Dataset
+++++
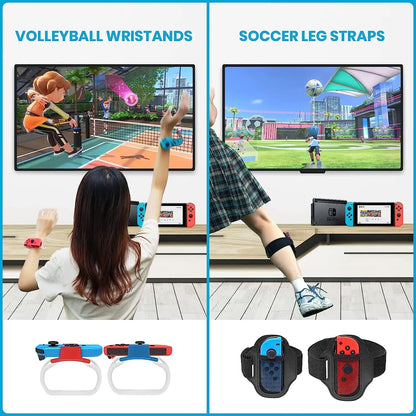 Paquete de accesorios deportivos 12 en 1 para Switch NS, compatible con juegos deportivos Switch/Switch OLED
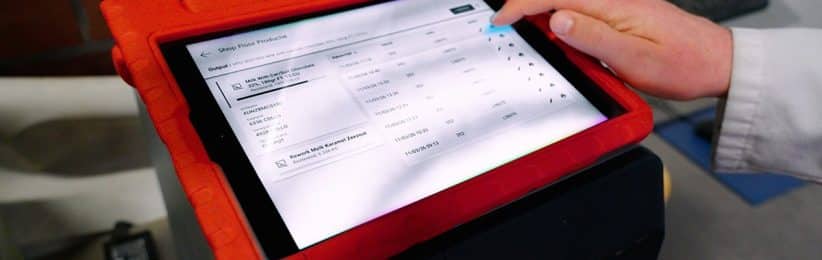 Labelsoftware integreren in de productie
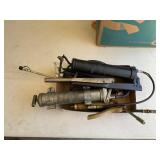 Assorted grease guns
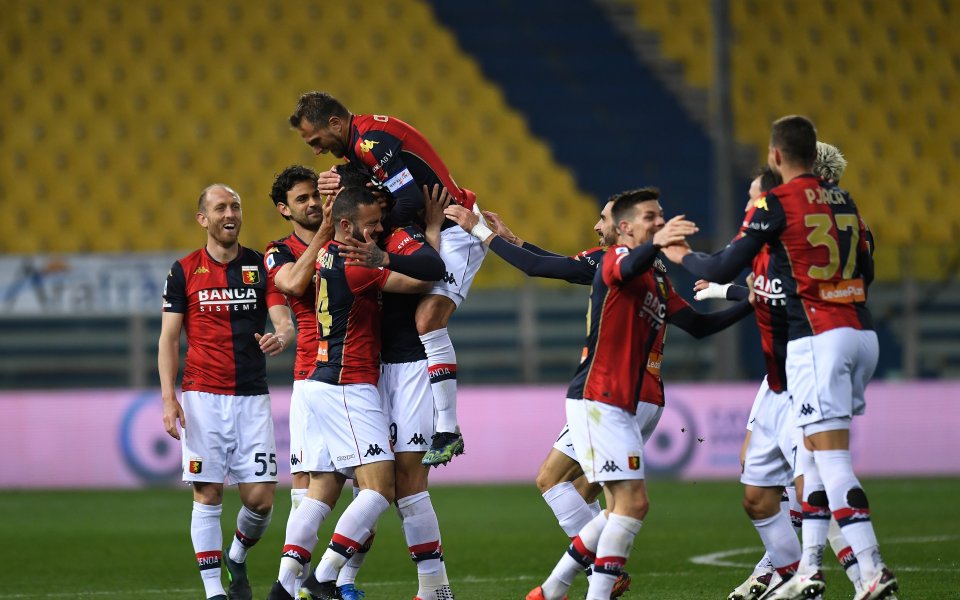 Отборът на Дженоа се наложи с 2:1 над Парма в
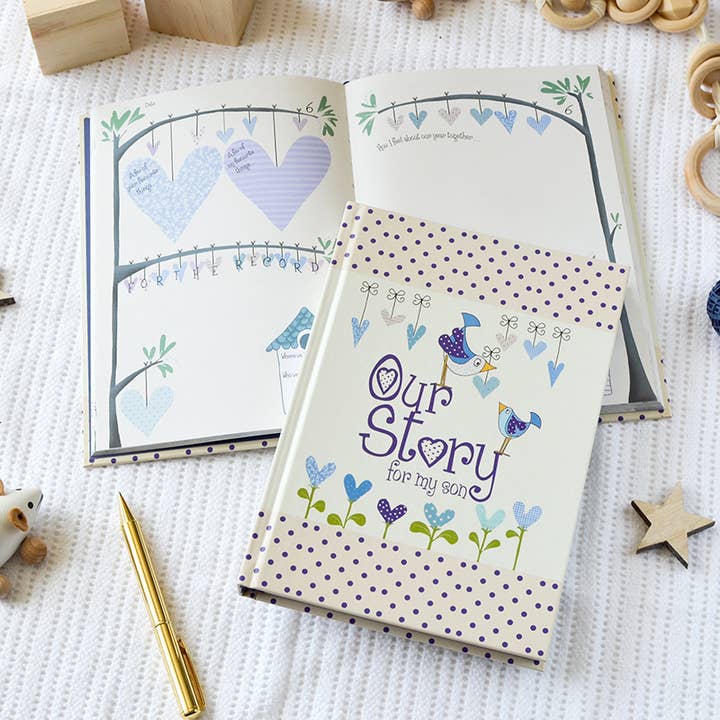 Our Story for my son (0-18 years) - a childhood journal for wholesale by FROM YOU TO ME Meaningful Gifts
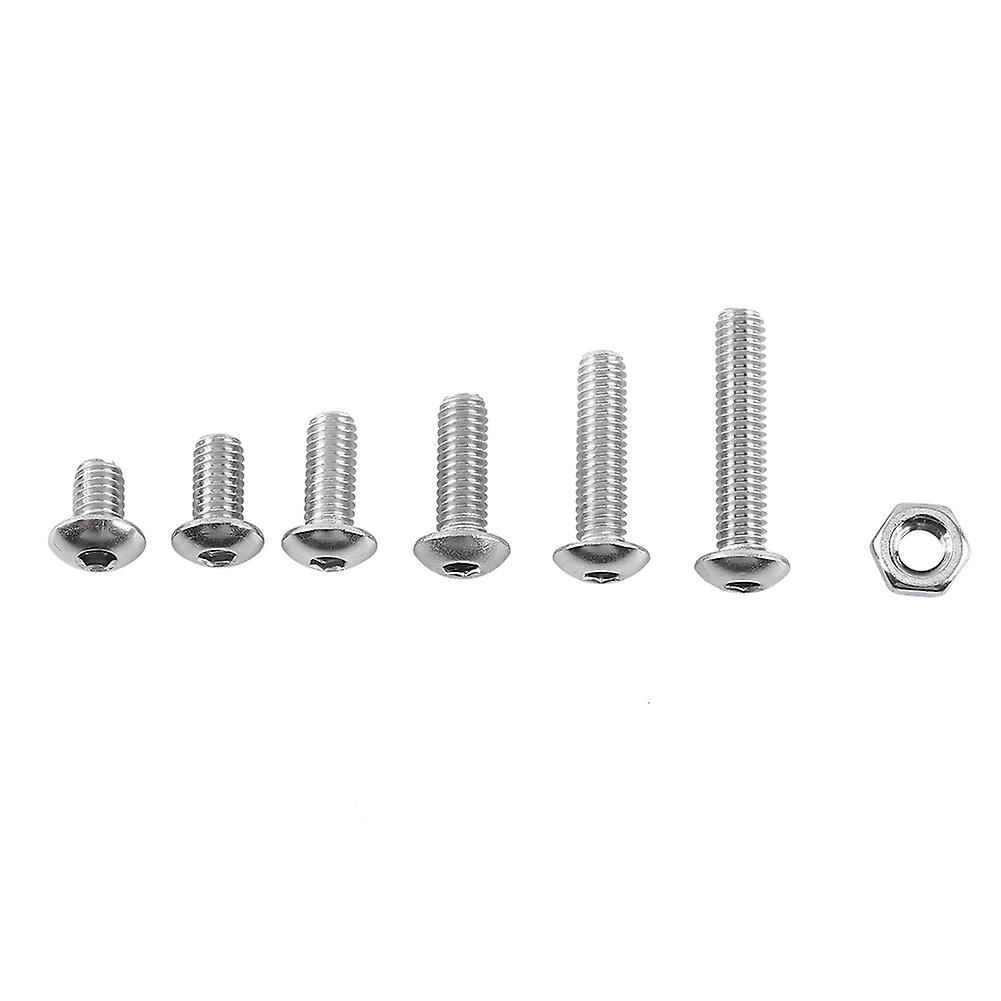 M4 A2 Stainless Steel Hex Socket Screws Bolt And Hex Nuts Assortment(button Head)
+++++
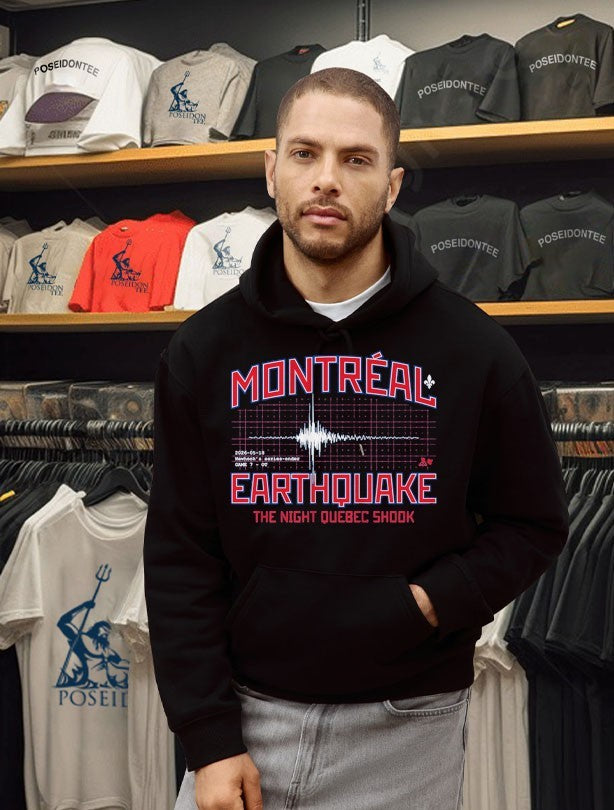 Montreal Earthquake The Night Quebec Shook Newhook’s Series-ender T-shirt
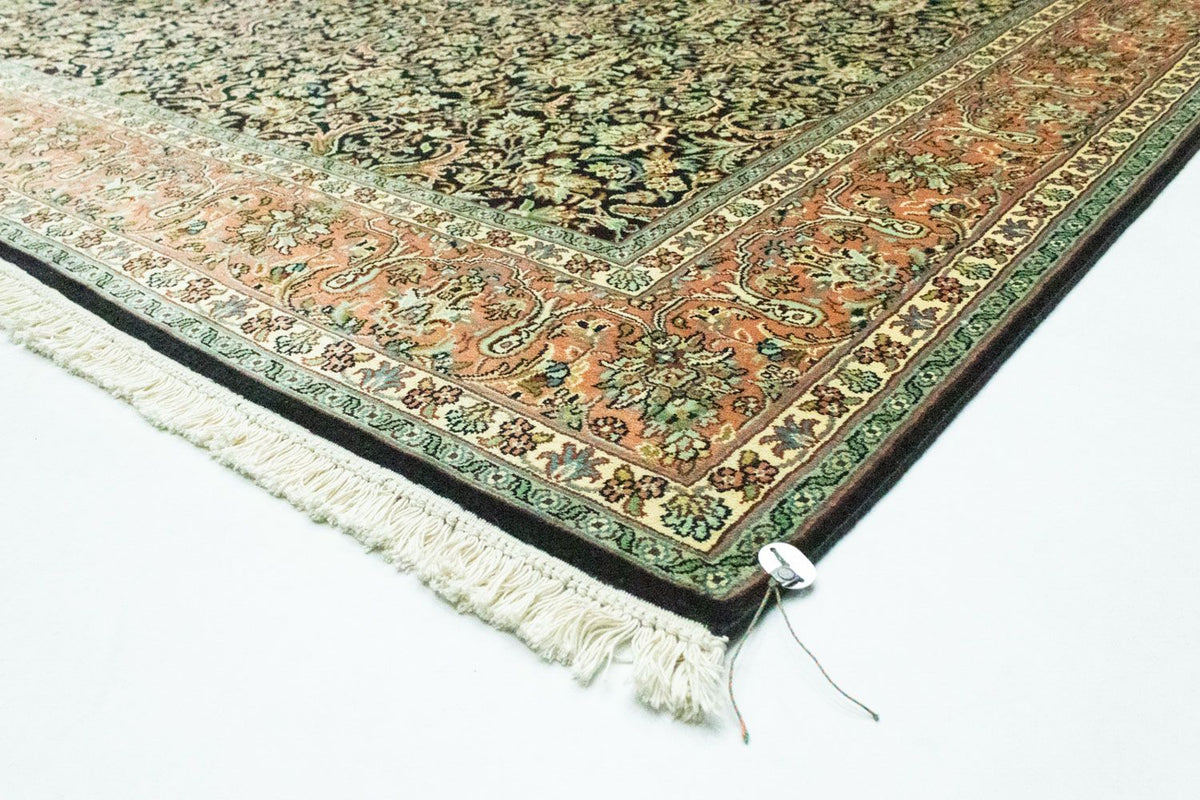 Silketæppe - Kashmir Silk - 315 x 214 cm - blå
+++++
Work order
Repeat exactly the stretch of the listing above that starts with the line holding "Отборът на Дженоа" and finishes with the line holding "M4 A2 Stainless", both included. Skip every picture.

Result
 Отборът на Дженоа се наложи с 2:1 над Парма в
 Our Story for my son (0-18 years) - a childhood journal for wholesale by FROM YOU TO ME Meaningful Gifts
 M4 A2 Stainless Steel Hex Socket Screws Bolt And Hex Nuts Assortment(button Head)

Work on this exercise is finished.